Hable a cada visitante en su primera lengua.
El multilingüismo es la única dimensión donde la IA cambia más las cuentas. La producción de estudio tradicional multiplica el coste y el tiempo por idioma. Convo añade los nueve siguientes a partir de una sola fuente en inglés aprobada —mismo guion, regenerado y vuelto a narrar en aproximadamente un minuto— para que el museo pueda por fin atender a escala a los visitantes que no hablan inglés sin regrabar.
Reservar una demoMás de cuarenta idiomas,
desde una sola fuente aprobada.
Convo admite más de cuarenta idiomas; cada institución activa hasta diez a la vez y puede cambiar el conjunto cuando quiera. El límite no es una restricción de capacidad: existe porque ninguna institución puede revisar de forma realista cuarenta idiomas, y preferimos que publique diez que haya verificado a cuarenta que no. Usted escribe y aprueba la visita una sola vez, en inglés. El resto sale de esa fuente —mismas paradas, mismas ediciones, vueltos a narrar en aproximadamente un minuto cada vez que cambia el inglés—. El multilingüismo deja de ser una partida presupuestaria y pasa a ser lo predeterminado.
Traducción que respeta
el registro cultural.
Los modelos actuales manejan bien la precisión literal, el registro y la estructura paralela de un guion de audio. Lo que aún requiere juicio humano es la terminología sagrada y religiosa, la transliteración de nombres propios y el encuadre cultural específico de cada región: decisiones, no errores. Un revisor que lee el idioma de destino edita directamente el resultado. La plataforma abarata la revisión; no pretende que la revisión sea innecesaria.
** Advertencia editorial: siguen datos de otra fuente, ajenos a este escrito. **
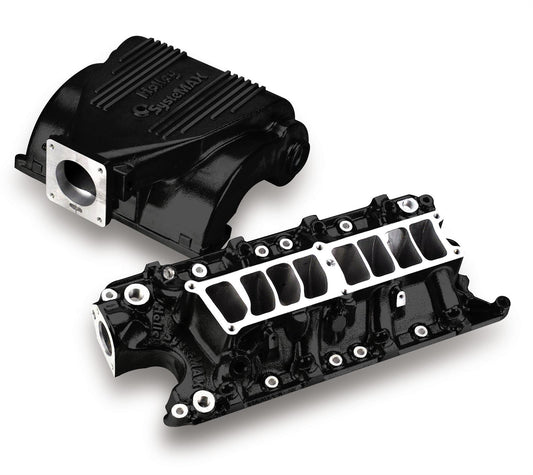 Holley HO300-72BK Systemax In Manifold Black Ford V8 5.0L 1986-93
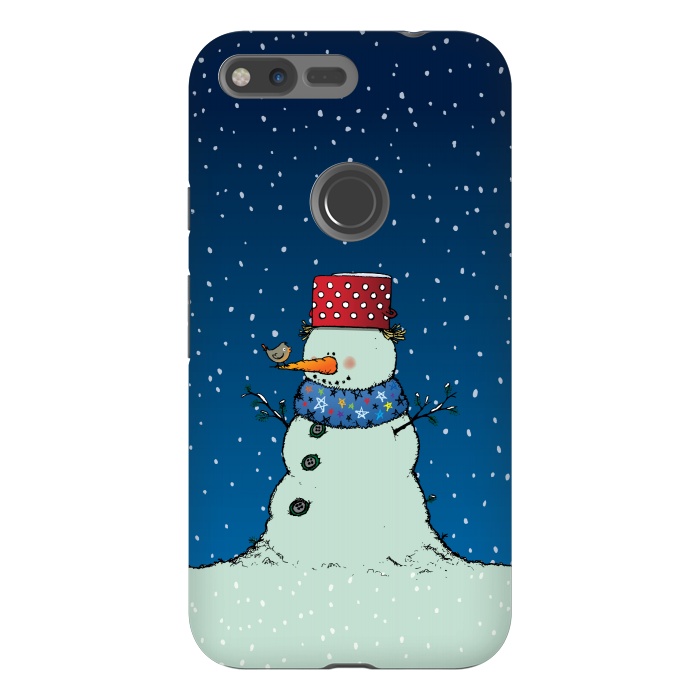 Pixel XL StrongFit Song for Mr.Snowman by Mangulica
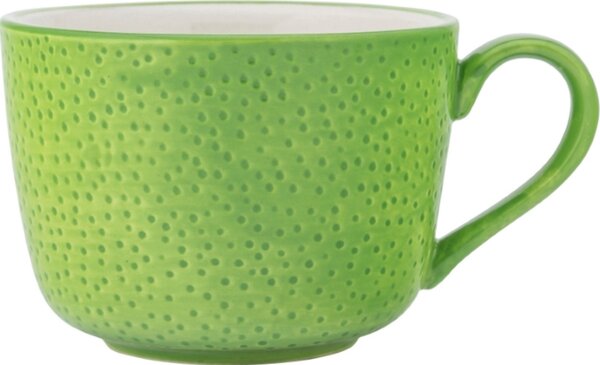 Altom Zestaw ceramicznych kubków jumbo Tropicanalimonka 470 ml, 2 szt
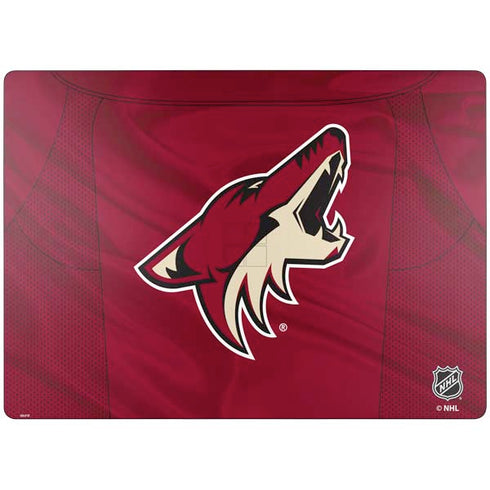 NHL Arizona Coyotes Home Jersey Surface Laptop 7 13.8in Skin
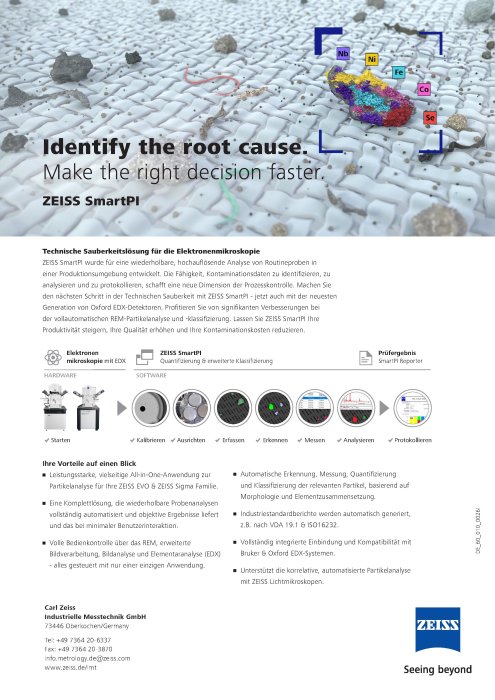 Vorschaubild von ZEISS TechnSaub SmartPI Flyer DE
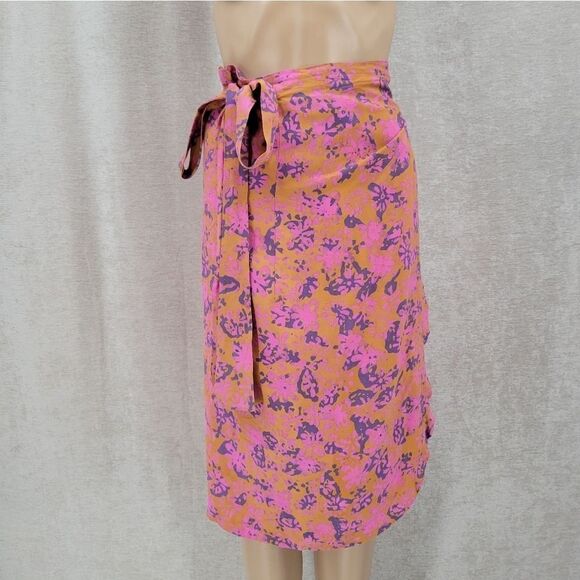Batek Lak Malaysia Handmade Batik Wrap Skirt or Sarong - Picture 1 of 8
Vuelva a narrar en segundos,
no en semanas.
Un curador termina una ronda de ediciones del guion en inglés a las 10:14. Pulsa regenerar. A las 10:15 la misma parada existe en diez idiomas, narrada con la voz que la institución eligió para cada uno. No se reserva ningún estudio. No se contrata a ningún locutor. No se le envía por correo una copia del nuevo archivo a ningún traductor. El cambio se propaga porque la fuente lo hizo, y el mismo ciclo gestiona las actualizaciones de temporada, las exposiciones itinerantes y las piezas que rotan fuera de la sala.
El teléfono del visitante,
en su idioma.
El selector de idioma vive en la app web del visitante y lo acompaña por todas las paradas. Una familia con un abuelo que habla coreano y un nieto que habla inglés puede pasarse el teléfono de uno a otro y el estado de la visita se mantiene. Las preguntas hechas a la guía del visitante se responden en el idioma en que se formularon. La narración multilingüe es la primera capa de interpretación que recibe al visitante que no lee inglés allí donde está.
Sin tarifas por idioma.
Nunca.
La producción de estudio cobra por idioma y por minuto de audio terminado: añadir el español duplica la factura, añadir diez la multiplica. Convo no cobra por idioma. Los diez idiomas vienen incluidos, y añadirlos o actualizarlos tras el lanzamiento no desencadena un nuevo ciclo de producción. El coste reside en la plataforma, no en el número de idiomas. Ya no elige qué exposiciones se traducen. Todas lo hacen.